Caption-style text data:
=== Begin Enclosure ===

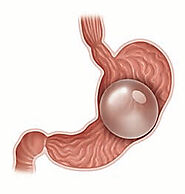 Bowel obstruction due to the migration of the deflated intragastric balloon, a rare and potentially lethal complication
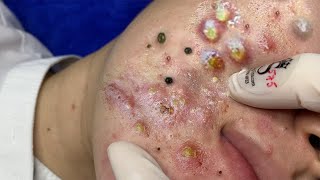 Big Cystic Acne Blackheads Extraction Blackheads amp Milia Whiteheads Removal Pimple Popping  7038 [upl. by Terhune]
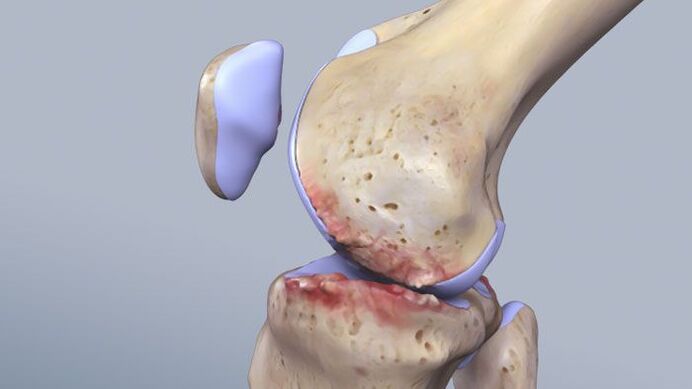 A estrutura da articulação do joelho afetada pela patologia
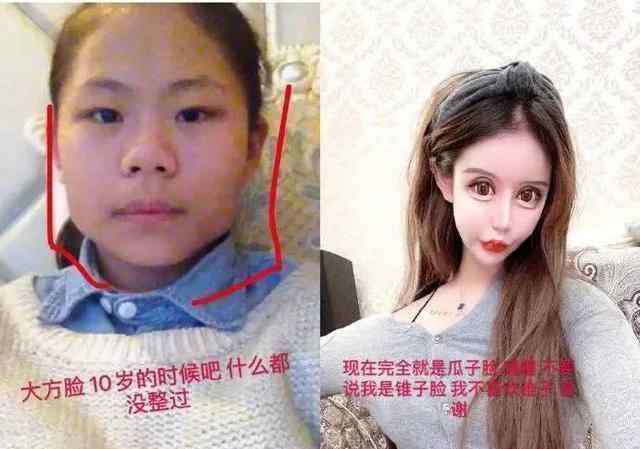 郭晶晶整容 13岁少女沉迷于“整容”，3年内动了60次脸，如今前后判若两人！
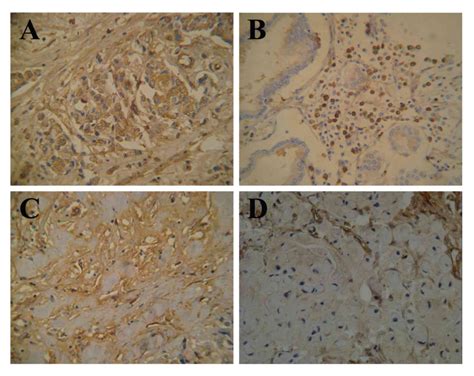 Lumican Expression In Gastric Cancer And Its Association With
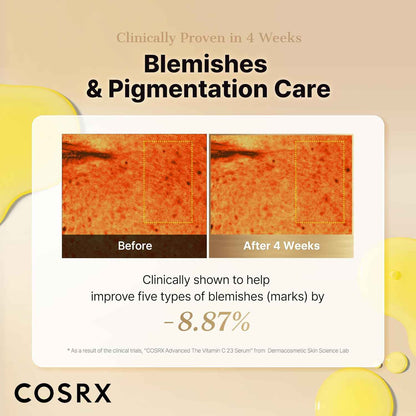 COSRX Advanced Pure Vitamin C 23% Serum with Vitamin E & Glutathione, Korean Vitamin C Serum for Fine Lines, Uneven Skin Tone & Dull Skin, 0.7oz, Korean Skin Care, Mothers Day Gifts for Mom & Wife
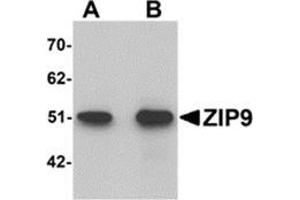 Western Blotting (WB) image for anti-Solute Carrier Family 39 (Zinc Transporter), Member 9 (SLC39A9) (N-Term) antibody (ABIN783811)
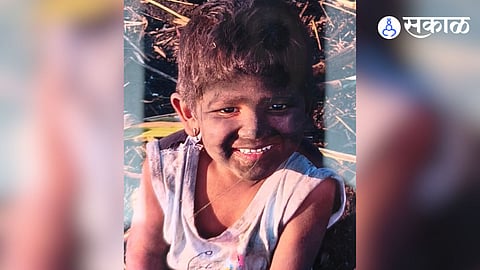 boy died in dog attack in bhor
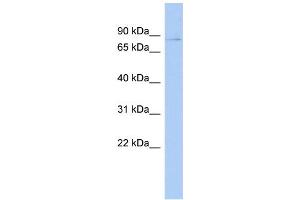 WB Suggested Anti-PHF17 Antibody Titration:  0. (PHF17 antibody  (Middle Region))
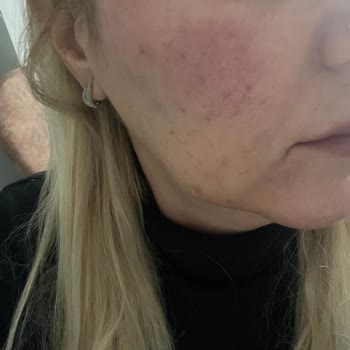 Dr. Gökhan Ceviz Kızarıklık Ve Yanma Şikayetleri Oluştu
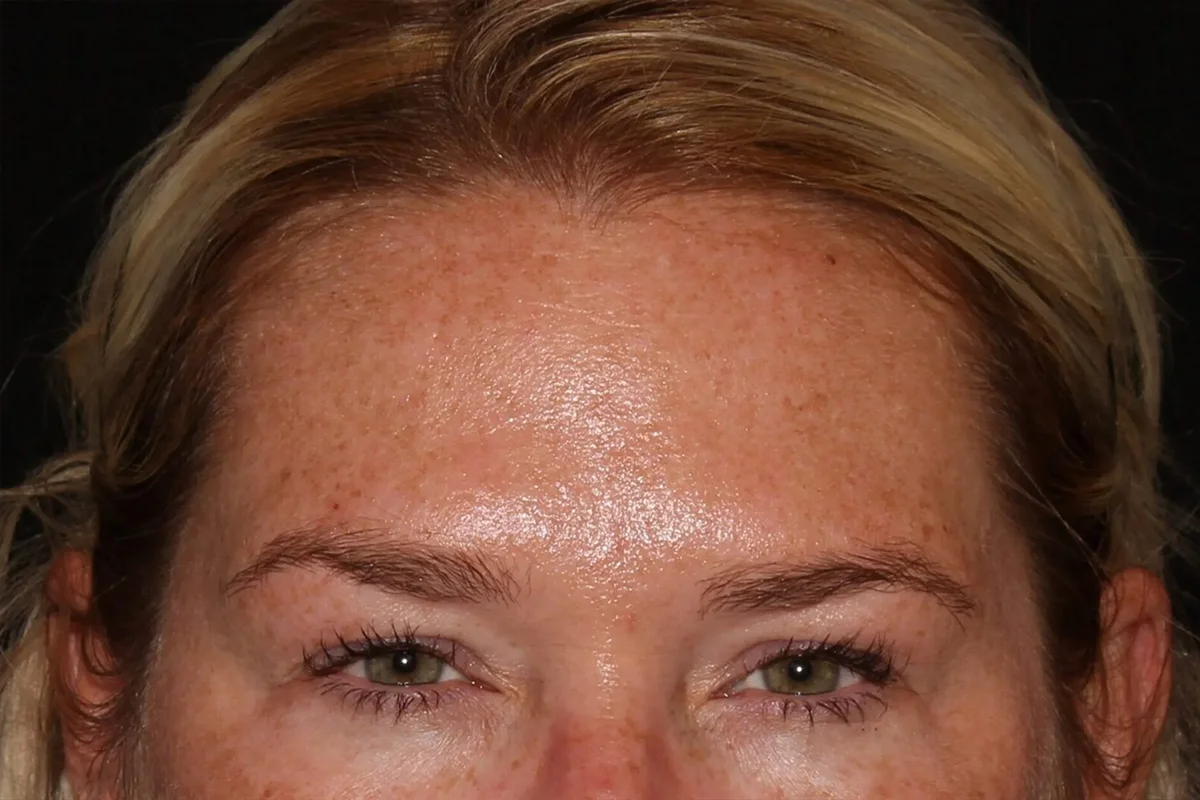 Middle-aged woman after Botox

=== End Enclosure ===

What to work on: I would like the data copied exactly as it stands, with no pictures included.

Finished task:
 Bowel obstruction due to the migration of the deflated intragastric balloon, a rare and potentially lethal complication
 Big Cystic Acne Blackheads Extraction Blackheads amp Milia Whiteheads Removal Pimple Popping  7038 [upl. by Terhune]
 A estrutura da articulação do joelho afetada pela patologia
 郭晶晶整容 13岁少女沉迷于“整容”，3年内动了60次脸，如今前后判若两人！
 Lumican Expression In Gastric Cancer And Its Association With
 COSRX Advanced Pure Vitamin C 23% Serum with Vitamin E & Glutathione, Korean Vitamin C Serum for Fine Lines, Uneven Skin Tone & Dull Skin, 0.7oz, Korean Skin Care, Mothers Day Gifts for Mom & Wife
 Western Blotting (WB) image for anti-Solute Carrier Family 39 (Zinc Transporter), Member 9 (SLC39A9) (N-Term) antibody (ABIN783811)
 boy died in dog attack in bhor
 WB Suggested Anti-PHF17 Antibody Titration:  0. (PHF17 antibody  (Middle Region))
 Dr. Gökhan Ceviz Kızarıklık Ve Yanma Şikayetleri Oluştu
 Middle-aged woman after Botox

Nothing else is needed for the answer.